Fall of Porcupine is a 2D story-driven adventure developed by Critical Rabbit and published by Assemble Entertainment. The game releases on June 15, 2023, on PC, Xbox, PlayStation and Nintendo Switch and had a prologue last year as well as being part of the recent LudoNarraCon event. This is a cozy and heartwarming game about a young pigeon named Finley who works at St. Ursula Hospital, giving us a tiny peak into life as a healthcare worker treating patients, and what he gets up to with friends in his downtime.
The first thing that attracted me to the game was the music track playing in the game’s release date trailer. I am dying to know if the song can be downloaded from somewhere as I don’t know the artist or title (nor does Shazam!), but it’s an amazing and chill song. The overall soundtrack for the game is super chill and really does set the mood and tone throughout. It was great background music when walking between locations and figuring out the minigames.
Finley has recently graduated as a doctor and is still new to working at the hospital, but he suffered a workplace accident recently. We start the game where Finley is in a dream-like state that introduces us to the colourful world and how to move and interact as Finley. After this sequence, we can look at his messages to gain a little bit of insight into Finley and his known contacts prior to and during the accident which sets the scene for some of the relationships Finley has in town.

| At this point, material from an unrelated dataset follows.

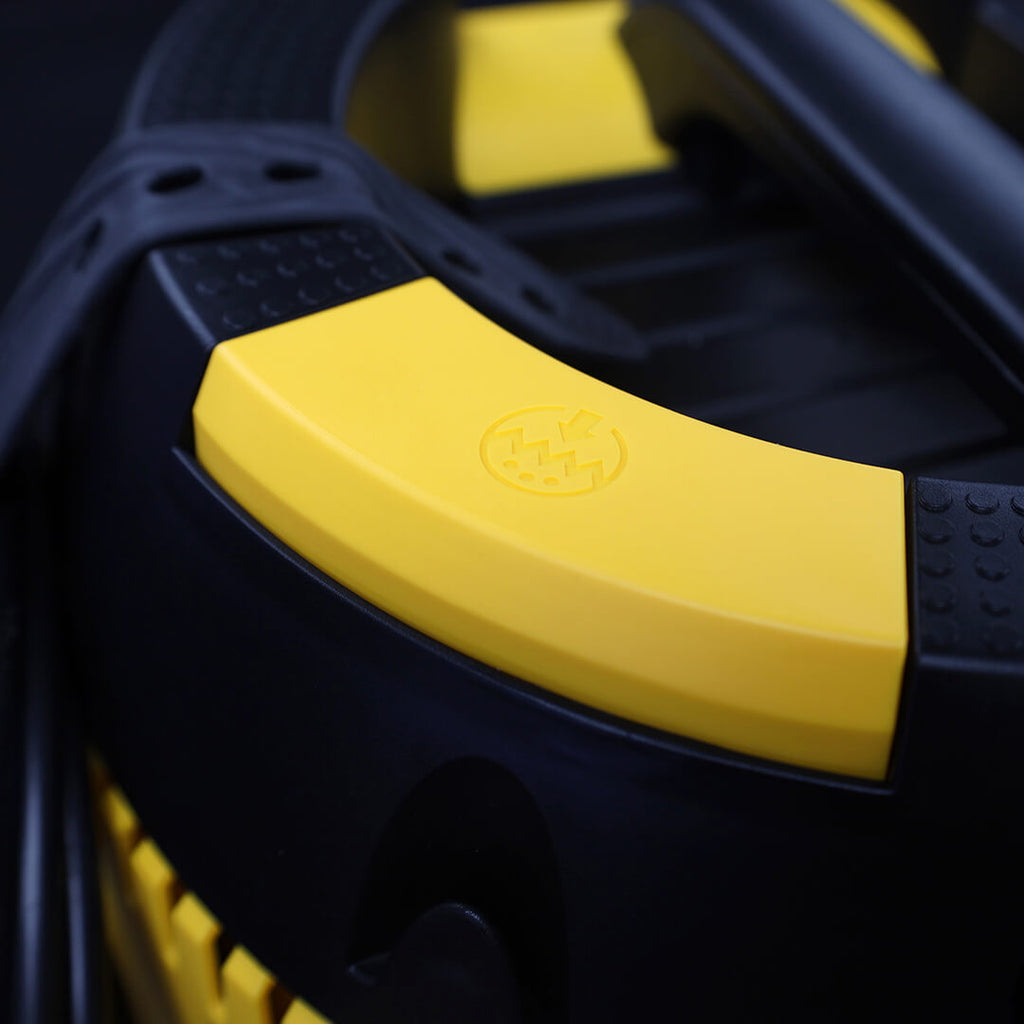 Yellow Push&Clean filter cleaning button on top of the Mirka dust extractor unit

There are all sorts of characters we meet along the way to work at the hospital as Finley runs through town, finding out the bus has broken down. Most of the townsfolk are happy to have a chat to Finley and a little note about them is stored in Finley’s phone notes. The game’s artwork is fantastic with quirky animal character designs and the field of view zooms out slightly as Finley walks over a bridge or near a tree or landmark that we can interact with for a bit of history into Porcupine.
While working at the hospital, we are under the supervision of the strict and hard-as-nails Dr. Krokowski. We report in with her initially as she introduces us to our first patients, and then each shift that Finley’s works has new patient tasks in his phone task list. We only deal with three patients at a time, so it is not overwhelming at all, and after speaking with the patients, we go through several types of minigames where we adjust a patient’s medicine dosage, inject them with a needle, listen to their lungs, and more.
These minigames are mostly simple and test your logic, speed, patience and skill, but can be frustrating at first. There is a written explanation prior to starting each one, but it would have been great to have a small preview video of each new minigame type as you come across them. You read the text and think you are ready, and then it’s more a trial and error until you teach yourself the mechanics. Once you’ve completed each minigame type a couple of times, it does get a lot easier. That was until my first night shift.
Things start happening around the hospital and around town, especially at nighttime. The intensity of some of the minigames increased when on night shift, but it also depended on the urgency of treating particular patients. An incident happens at the hospital and Finley, along with a couple of friends, head to the pub to unwind. Whilst there, they run into a troublesome duo and a classic bar fight kicks off into another fighting minigame.
Other times we catch up with workmates or other townsfolk and other minigames occur, but more importantly we start to delve into some emotional moments for some of the characters. We meet one of our workmates and blow off some steam by shooting some hoops of basketball. Another time we head off into the woods where there is some platforming as we try to repair some stick effigies and uncover a haunting past.
Finley’s adventures (and misadventures) lead to sensitive territory dealing with themes like death, illness, mental health, and grief. Fall of Porcupine sensitively tackles each of these with approachable storylines, relatable characters, and resonating dialogue. It certainly touches the heart strings as you play through each scenario, and Finley’s happenings resonated with the work/life balance we all work towards, and it gave me a reminder to always reach out to your friends and family on a regular basis, and even more so when things feel a little off. I did find that the game didn’t save very often, and I lost some progress early on. Make sure you finish your work at the hospital each shift and get back home before logging out. There is a subtle white icon in the bottom right that indicates a save point, so look out for those.
Overall, Fall of Porcupine is a great game that is heartwarming and relaxing to play that gives us a tiny peak into the life of healthcare workers. The soundtrack is amazing as you help treat patients and help friends and other characters you meet along the way. Some of the situations you face are emotional, but the undertones remind you to look at your own life balance and reach out to friends and family when in need.